Don't be surprised if you hear soon that Tele-Communications Inc. kingpin John Malone is making a run at Disney.

Or that Ted Turner has finally figured out how to restructure Turner Broadcasting System and to raise the cash needed to buy CBS, NBC, or ABC.

The way today's media feeding frenzy is going, anything seems possible and the list of scenarios goes on and on. But the important thing is that anything is possible.

And anyone who counts-from Wall Street to Madison Avenue-believes the entire media business is in play and is ready to erupt into a gigantic merger frenzy, the likes of which haven't been seen since the early 1980s.

And it's a lot more than mere perception, said Bob Broadwater, managing director of New York investment banker Veronis, Suhler & Associates: "The world is a very different place today than it was two or three years ago, and the level of merger & acquisition activity has picked up."

Mr. Broadwater, whose company releases a report this week that foresees an economic rebound in the media industry, said there's a confluence of factors that have come together to fuel the activity. They include:

An improved ad economy, coupled with a better overall economic outlook.

Freer investment capital from lending banks.

A healthy stock market.

An expanding overseas media marketplace.

Rapid acceleration of new media technologies, especially digital, interactive media.

The last factor, in particular, is sparking interest in mega-deals, because most managers of multimedia companies are unsure exactly which areas will pay off, and they want to hedge their bets.

"There are a lot of CEOs who are afraid of getting left behind," said Michael Wolf, a partner and head of the media and entertainment division of management consultant Booz Allen & Hamilton.

"There are a number of fundamental things that are driving this mania of media mergers. And the first is really scale," Mr. Wolf said. "The second driver is content and access to programming. That's why we see Liberty and Comcast becoming very interested in buying QVC. And thirdly, it's capabilities. People realize that the combination of different media can in itself create media value."

Also, there are a number of micro factors driving activity within specific media segments.

The TV station market, for example, is exploding due to the affiliation war started by Rupert Murdoch's deal with New World Communications Group. That, in turn, has had a domino effect of similar deals, including CBS' recent joint venture with Group W.

"Murdoch woke everyone up to the value of the affiliate relationship," said Jim Rosenfield, another managing director at Veronis and a broadcast veteran. "It made everyone understand that distribution is important for the networks, and that's creating a whole new scenerio in the marketplace. Suddenly, we are seeing affiliate compensation double, triple and quadruple in some markets, and for the first time in history, we're seeing five- and 10-year deals."

The magazine world likewise is seeing a resurgence of M&A deals.

"We have gone through a period of retrenchment and restructuring that has created a healthier environment for a lot of companies," Mr.
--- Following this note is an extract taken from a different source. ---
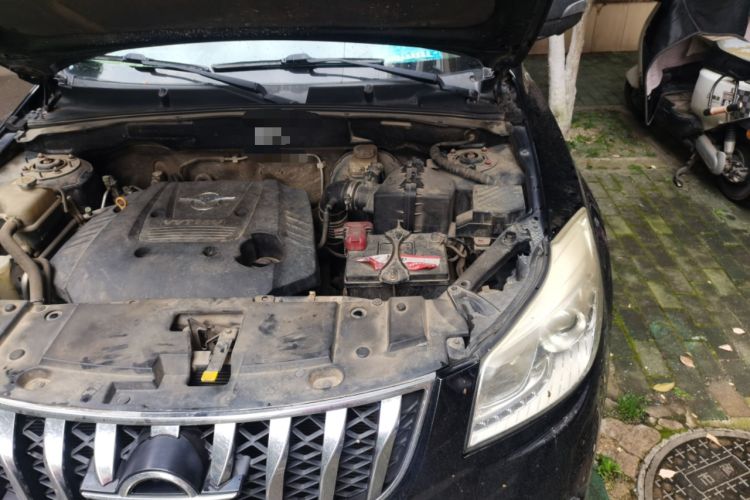 Used Haima S7 2015 Revised Version 2.0L Manual – Zongcheng Edition Engine Bay Left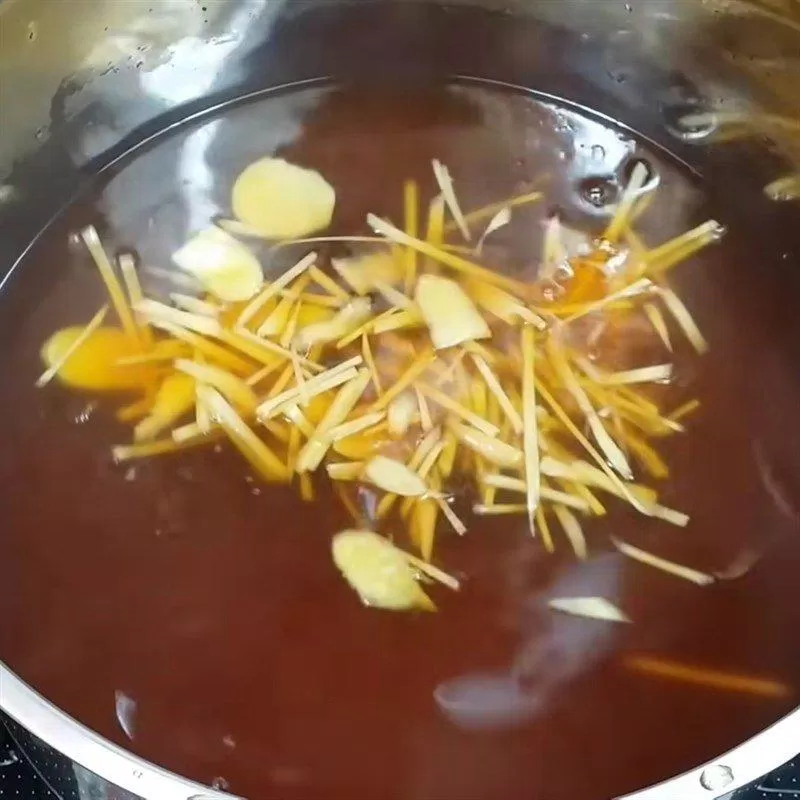 Nấu nước đường cùng gừng (ảnh: internet) Nấu nước đường cùng gừng (ảnh: internet)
Broadwater said. "In the magazine field, you have categories where you had four titles in a special-interest niche and now you only have one or two of them."

Business publications have also benefited. Earlier this year, Netherlands-based VNU bought BPI Communications for an estimated $220 million, or about 14 times the company's 1993 cash flow. Last week, VNU bought Bill Communications for about $125 million. Five years earlier, Boston Ventures beat out 34 bidders to buy Bill for $100 million.

Said John W. Hartman, the former CEO and controlling stockholder who put Bill on the block in 1988: "There isn't the same mania and ego today as there was in '80s, but there are a lot of other similarities. The dollar was relatively weak as it is now. There was a lot of attention on the information explosion."

James Dolan, a former investment banker with Jordan Edmiston Group, agreed.

"Nobody is being silly and overpaying yet, but media companies have been climbing back steadily," said Mr. Dolan, now the head of his own Minneapolis-based publishing company. "... Today they are suddenly looking a lot better once again in comparison with other industry sectors."